The data:
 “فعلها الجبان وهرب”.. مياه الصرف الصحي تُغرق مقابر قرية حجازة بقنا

--

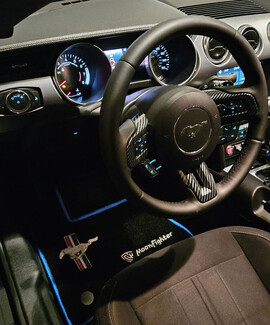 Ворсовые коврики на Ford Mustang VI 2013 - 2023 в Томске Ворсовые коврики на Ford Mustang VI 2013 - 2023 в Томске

* * *

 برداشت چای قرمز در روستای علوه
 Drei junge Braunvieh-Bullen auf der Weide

Problem to solve:
Reproduce word for word the material above, beginning with the line that contains "برداشت چای قرمز در روستای علوه" and ending with the line that contains "Drei junge Braunvieh-Bullen auf der Weide".

Result of this exercise:
 برداشت چای قرمز در روستای علوه
 Drei junge Braunvieh-Bullen auf der Weide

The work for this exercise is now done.